Ya es verano. La temporada nómada por excelencia. Cuanto mayor me hago, más me gusta el verano. Y ser nómada. Saber que las noches se irán haciendo más largas, dormir cada pocos días en un sitio diferente, vagar, no mirar el reloj y sentir el frescor del agua.
Este verano será raro. Han empezado los reencuentros. A medias, porque solo nos vemos media cara. Y es extraño verse solo los ojos. Y ni esto cuando llevamos gafas de sol. Me gusta abrazar y sentir cerca los cuerpos de a los que quiero. Pensé que me adaptaría, pero no. A veces abrazo por la espalda, con la barbilla en el pecho. Rodeo los torsos de mis seres queridos y disfruto de esos segundos de calidez. El otro día paseé con una amiga que iba sin mascarilla. A la distancia adecuada, veía su cara completa, su boca moverse, su rostro expresivo y se me antojó fantástico y novedoso.
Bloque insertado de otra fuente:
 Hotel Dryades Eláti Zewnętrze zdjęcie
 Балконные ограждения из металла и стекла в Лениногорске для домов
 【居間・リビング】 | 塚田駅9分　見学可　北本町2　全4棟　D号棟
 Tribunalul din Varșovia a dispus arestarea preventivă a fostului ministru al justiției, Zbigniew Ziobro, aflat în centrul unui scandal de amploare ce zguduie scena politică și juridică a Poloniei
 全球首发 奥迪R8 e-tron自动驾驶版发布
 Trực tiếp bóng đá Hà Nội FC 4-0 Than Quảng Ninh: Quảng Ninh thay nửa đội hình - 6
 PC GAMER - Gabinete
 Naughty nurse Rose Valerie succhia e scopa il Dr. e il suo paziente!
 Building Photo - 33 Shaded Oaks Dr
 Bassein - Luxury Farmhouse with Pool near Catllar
Y sin embargo, parece que no hubiera pasado nada. Que nos hubiéramos levantado una mañana con la mascarilla sobre la mesilla. Y ya está. En todas las conversaciones surgen alusiones al confinamiento, a sus consecuencias. Ha pasado y sus huellas transcienden la memoria. Están instaladas en el cuerpo. No solo en los michelines. Están anidadas en nuevos propósitos, en descubrimientos, en constataciones, en penas. Y en alegrías. Todos llevamos a cuestas una nueva cicatriz, más o menos grande, por cada día pasado encerrados. Un nuevo tema de conversación, un lugar común al que acuden sin quererlo nuestras conversaciones.
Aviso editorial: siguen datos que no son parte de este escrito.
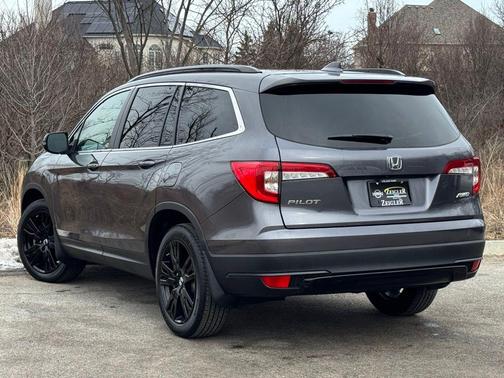 Crystal Black Pearl 2022 Honda Pilot AWD Special Edition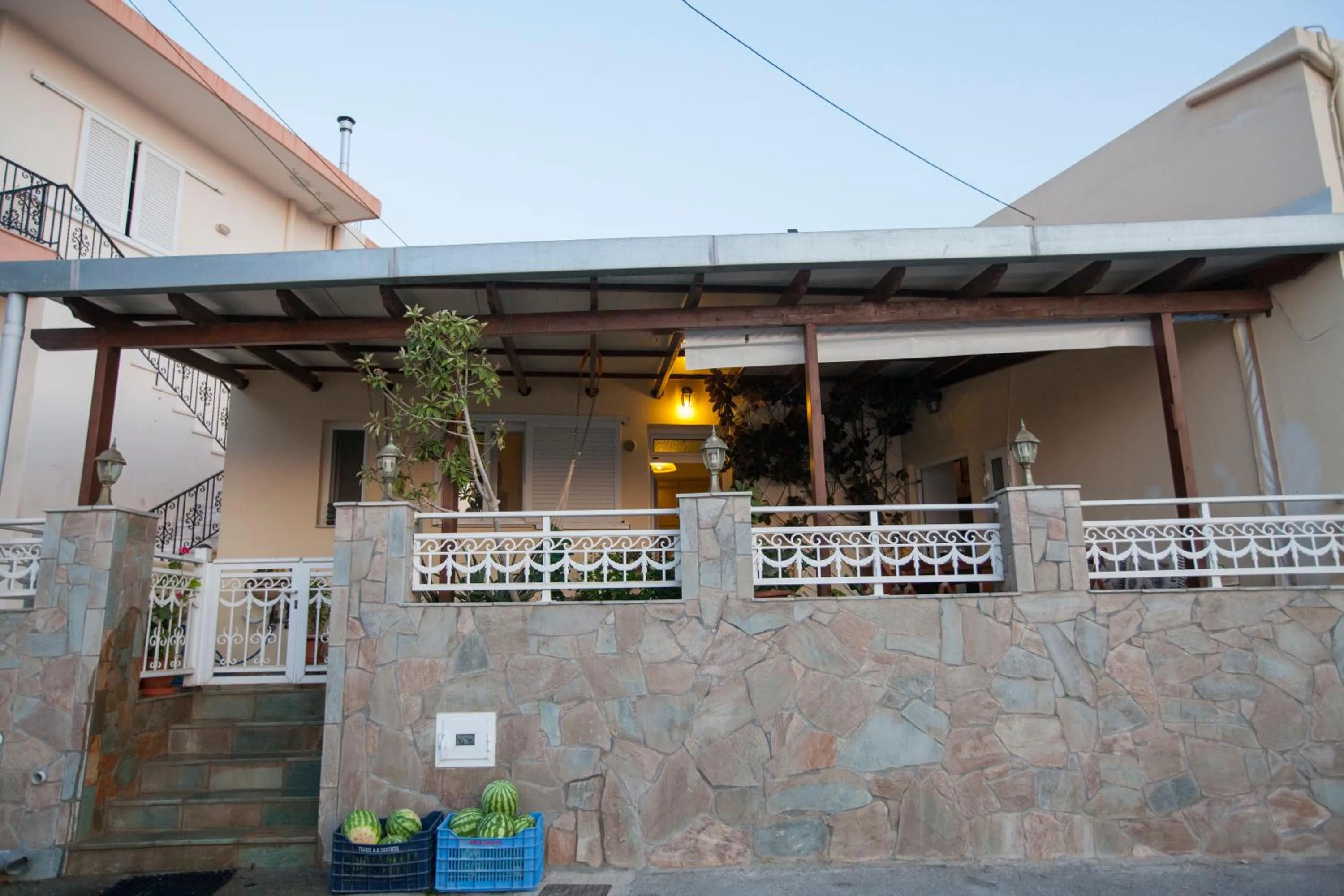 Facade/entrance in Arch Villa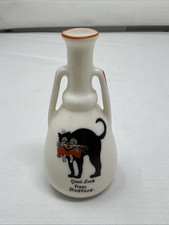 Willow Art Crested China Good Luck Cat China Bedford Vase Collectible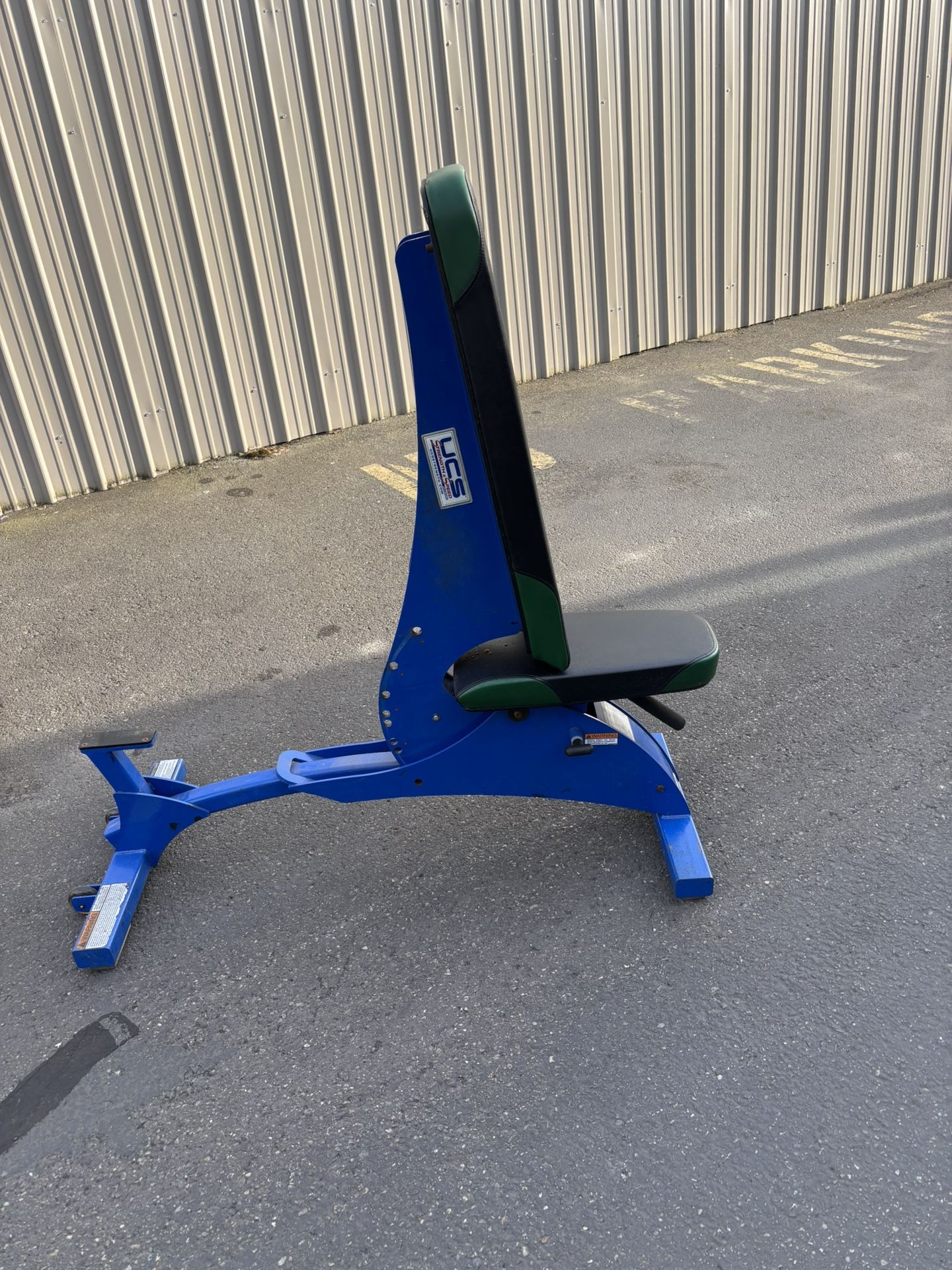 Weight Bench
Estrenamos nueva estación y el final de las clases. Y no hay las fiestas de todos los años, ni fuegos artificiales, ni noches ruidosas de las que huir. Sin embargo hoy, al caer la tarde, encenderemos velas frente al cielo enrojecido y prestaremos el oído al aire hasta escuchar el murmullo de la magia de esta noche más corta. Y el final del último día más largo.